Cartridge of the Year

Earlier this year I found that I needed a new cartridge because the styli on my usual Zu Audio DL-103 and Unison Research UN1 cartridges were getting a little long in the tooth. I could have sent them both in for re-tipping, but I had an upcoming trade show and I couldn't spare the month or two it usually takes for a decent factory re-tip. Besides, I wanted a very, very serious low-output moving coil to mate well with my very, very serious PureAudio Vinyl phono preamplifier. The Vinyl doesn't like high-output carts like the UN1--kinda noisy--but it really sounded nice with the DL-103 despite the relatively worn tip.

That realization made me investigate the original Denon DL-103, the legendary low-output cartridge that has been modded by the likes of Zu Audio, Soundsmith and more. While those modifications turn the somewhat modest DL-103 into a super-cartridge for a relatively reasonable amount of money, the original DL-103 offers an amazing level of performance for an MSRP of only $229 (the $379 Denon DL-103R is an updated version of the 103, but many people prefer the older version for a number of reasons).
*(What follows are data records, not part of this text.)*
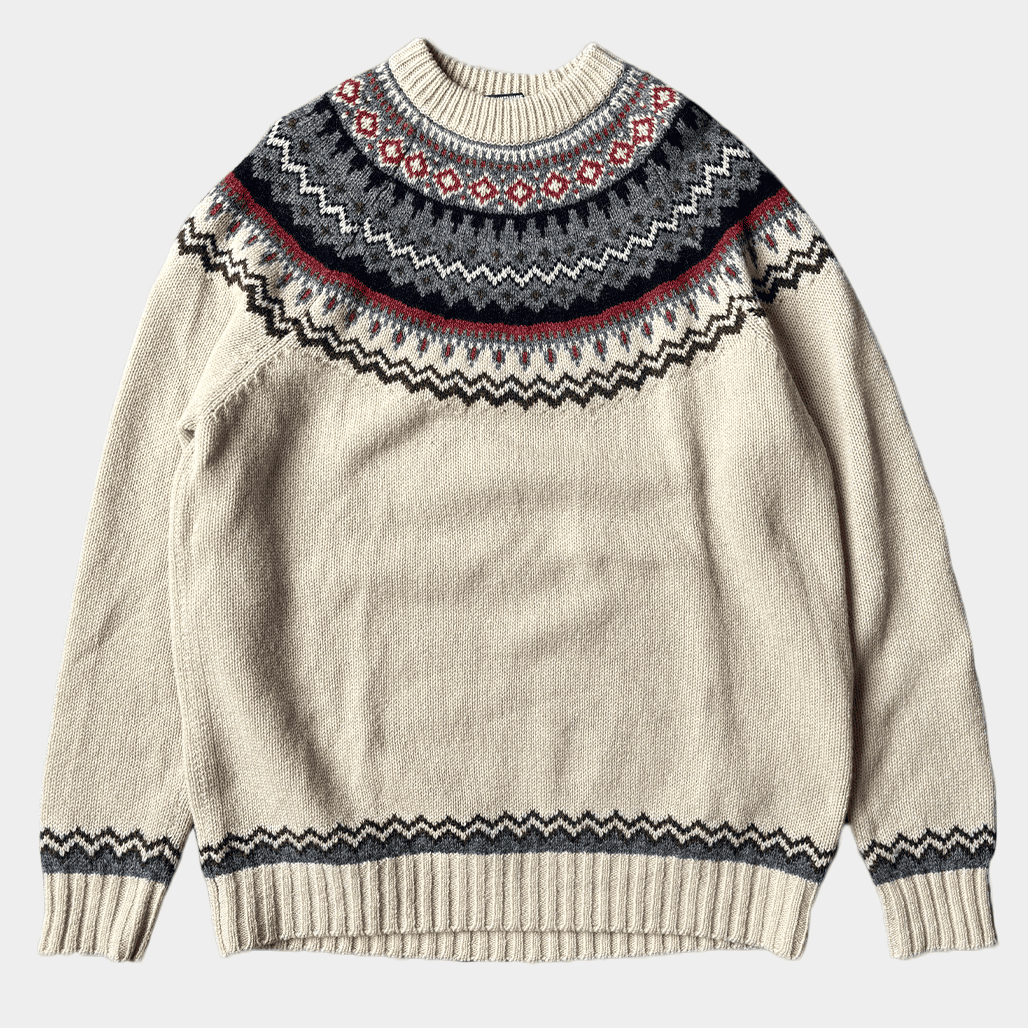 JUNYA WATANABE MAN(ジュンヤワタナベマン)2021-2022AW ノルディックセーター|JUNYA WATANABE(ジュンヤワタナベ)
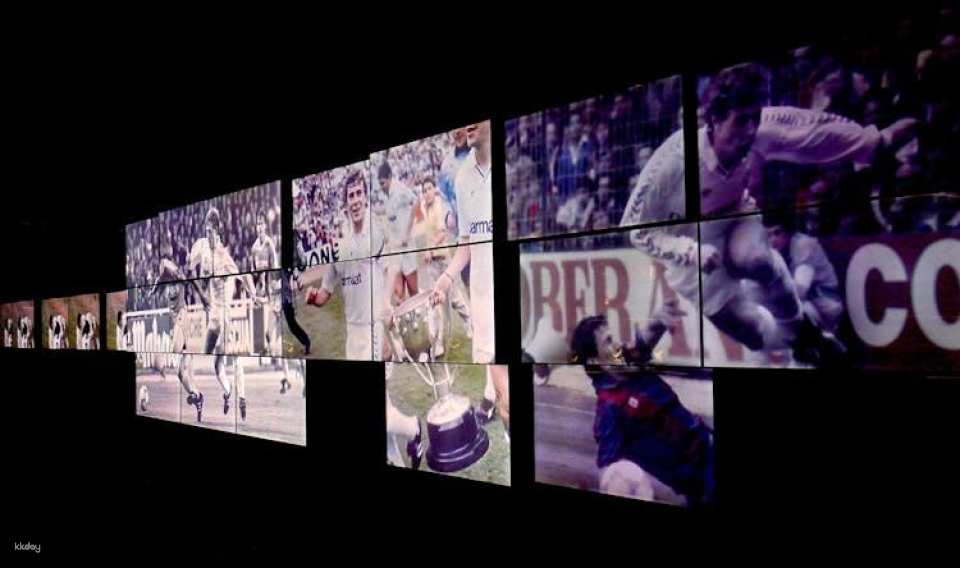 Bernabeu Stadium guided tour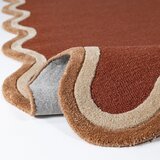 Flair Rugs Ročno tkana preproga iz mešanice volne v barvi terakote 200x290 cm Rivo Wool – | Shoptok.si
I wound up borrowing the $2500 Transfiguration Axia from Dan Muzquiz of Blackbird Audio Gallery in San Diego--and quite honestly, I believe that's the cartridge for me--it's nice to know that I can spend just $229 and get one hell of a cart, one that's been around for almost as long as I have.

Turntable of the Year

You probably already know about VPI, one of the leading turntable manufacturers in the world. Founded by a visionary designer, Harry Weisfeld, VPI is now being run by Harry's young son Mat, and the new prez has a very definite vision for keeping vinyl as a viable format choice for his generation. One of the first new products released under Mat's watch was the excellent $1300 Traveler, which definitely fired a warning shot over Rega's bow. Then, just a little bit later, Mat announced the release of the $995 Nomad. I said to myself at the time, "Why do you need a $1000 ‘table when you already have an excellent $1300 one? Aren't you crowding the field a little bit?"

Then I took a closer look at the Nomad. This well-made, nicely-finished $1000 ‘table also includes the tonearm. And the cartridge. And, most notably, a very nice little phono stage! It's a complete plug-and-play package for crazy cheap. I've heard the Nomad a couple of times now and each time I think, "It's doing everything right. I can't criticize or complain about this sound at all!" The VPI Nomad is now the standard-bearer for all $1000 vinyl rigs. Nice work, Mat!

That's it for this year. I don't have any real goals for 2015 other than listening to music, and sharing excellent sound with as many people as possible. I'm doing my best to "get it," and I hope it's contagious. See you at the record store.